We have three more games this week and five more next week, so maybe by then I'll have this figured out.  The school personnel, not the mother-in-law.  It's a little late in the game to be making such radial changes in the relationship. 


Do you have this same issue?  I'd love to hear your story.  Please leave a comment!

6 comments:

Helen Waters said...

Well I can honestly say I've never seen anyone address this but ALWAYS had the same problem! And I still do! Even though I've been divorced for 13 years, "Jean" or "Mrs. Waters" (???) still considers me family and thus, I face the issue all the time. Both seem akward to me as I too was always taught to call my elders by "Mr" or "Mrs." Complicating it further, I don't think I ever heard my own parents call my grandparents by their names! Oh the things we hand down! Ultimately, my only "solution" has been your own. I call up, when I have to as I hate the telephone, and I say, "Hi, it's Helen" and so it begins again.....

Paula said...

Helen,

I never thought about it until you mentioned it, but looking back I realize that it was the same with my parents. We've apparently been passing this on for generations, haha! We'll have to vow that we will break this "tradition" with our own sons : )

ChrisM said...

Yes, both my wife and I have this problem! In fact, Rosie has studied it in some of her linguistics classes. They've named the practice of "Hi! It's Chris" as "no-naming." People most commonly address their in-laws this way because of the tension.

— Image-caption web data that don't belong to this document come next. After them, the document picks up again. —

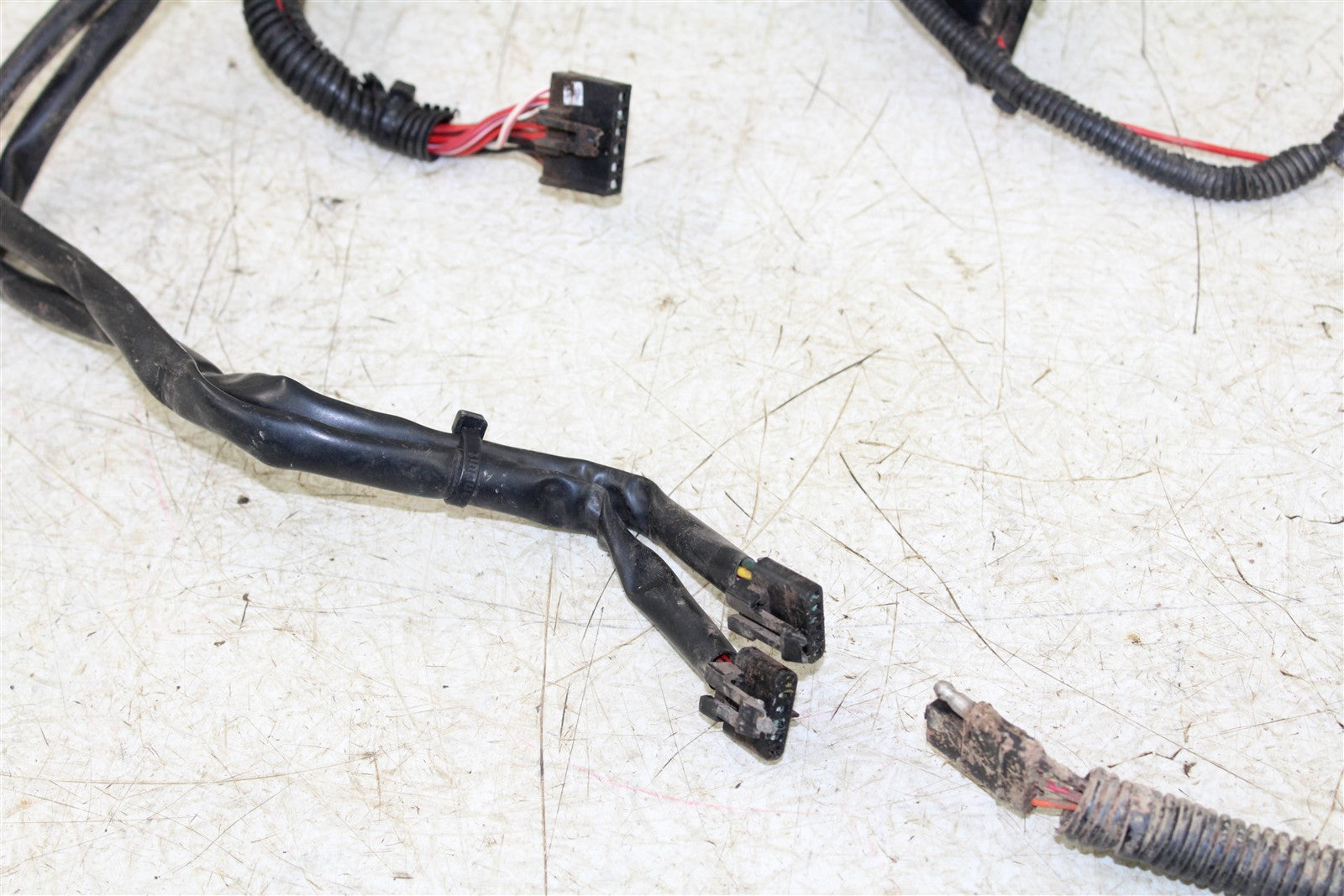 2002 Polaris Sportsman 700 4x4 Wire Wiring Harness Loom 34165
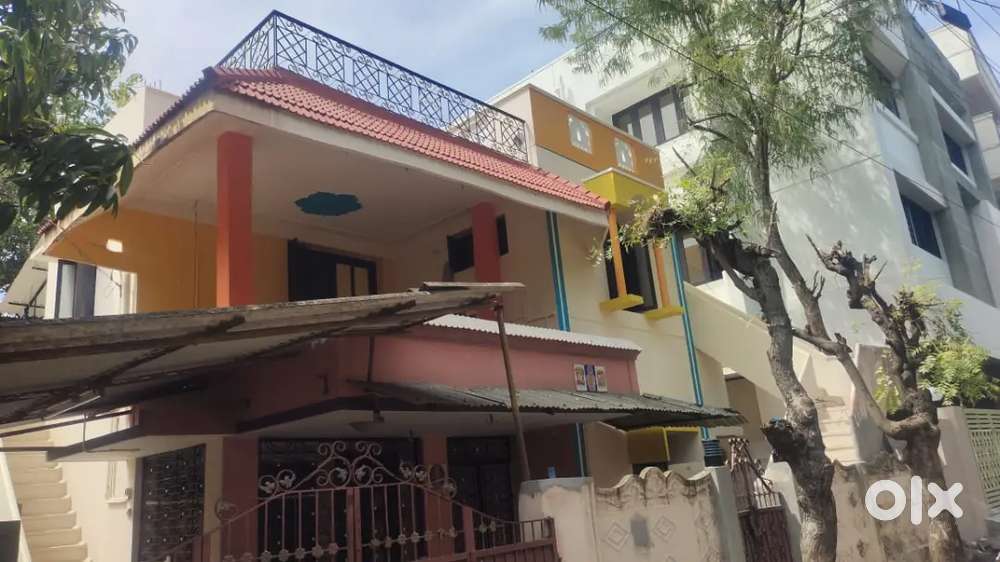 3BHK Palanisamy nagar, Chennai road Opposite National Vidyalaya school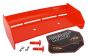 TPS85451/20 Achterspoiler Rood nylon HPI-ROVAN, Set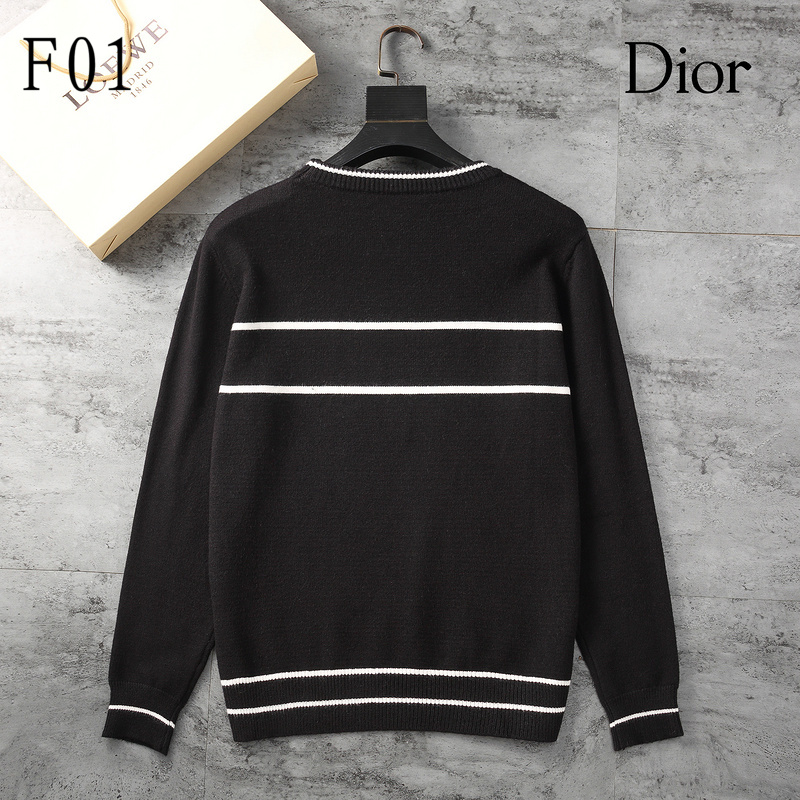 Dior Sweater For Men in 261424, cheap Dior Sweaters, only $48!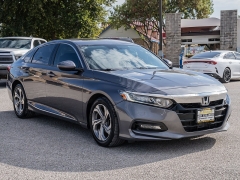 Used 2018 Honda Accord Sedan 4d EX 1.5L at A Motors Sales & Finance near San Antonio, TX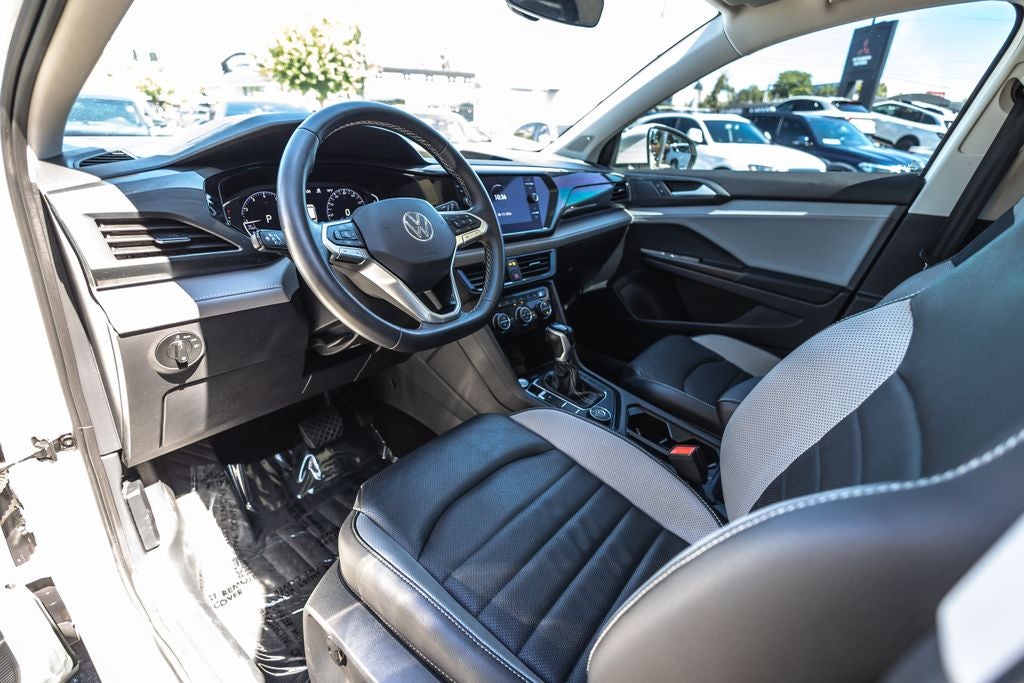 2022 Volkswagen Taos 1.5T SEL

My MIL actually told me what to call her, which I appreciated, but it still feels awkward to me. My parents gave my wife permission to do whatever she wanted, which really wasn't helpful in alleviating the tension of addressing those who were once elders, but aren't now, but still kind of are.

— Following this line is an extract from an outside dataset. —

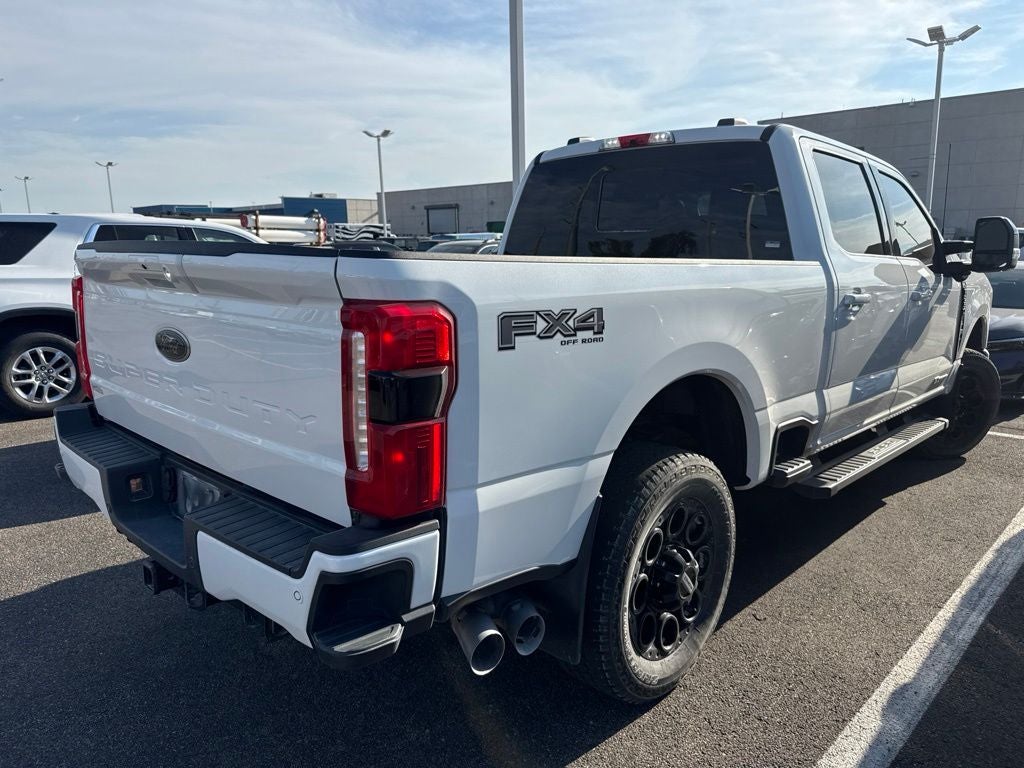 2025 Ford F-250 Lariat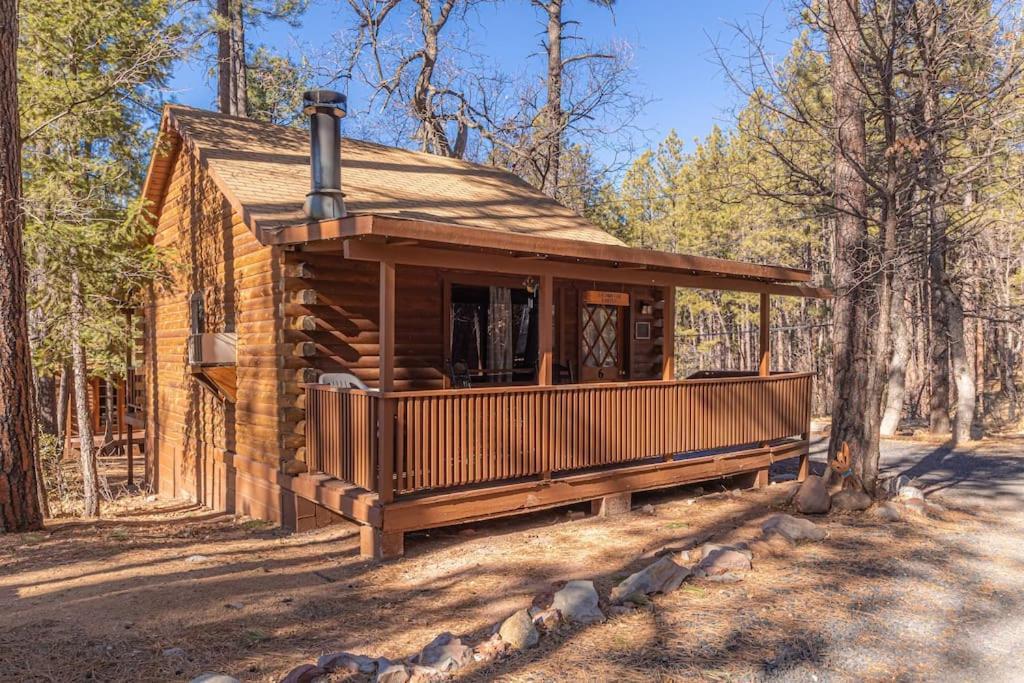 Forest Cabin 6 Enchanted Forest Βίλα Payson Εξωτερικό φωτογραφία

We are all for starting a movement of naming for in-laws! What should it be? Title + first name, eg: Dad-Tim? Ideas?

P.D. Nelson said...

Surprisingly I've never had this problem, while she was still living my MIL (btw I like that may I use it?) was always addressed by her first name by all her son-in-laws. As my own mother had been deceased for seven years by the time of my marriage my wife also never had this issue. Also my wife addressed my father as Chris so again no problems with proper address. (I called him by his first name Sir).

Paula said...

I wonder if it's easier in the South because you can just go with "Ma'am"?

burning desire said...

Though I hate to call her, I have to call her MA, as we stay under one roof. I hate to share the most caring, lovely word with this woman, but I don't have any choice.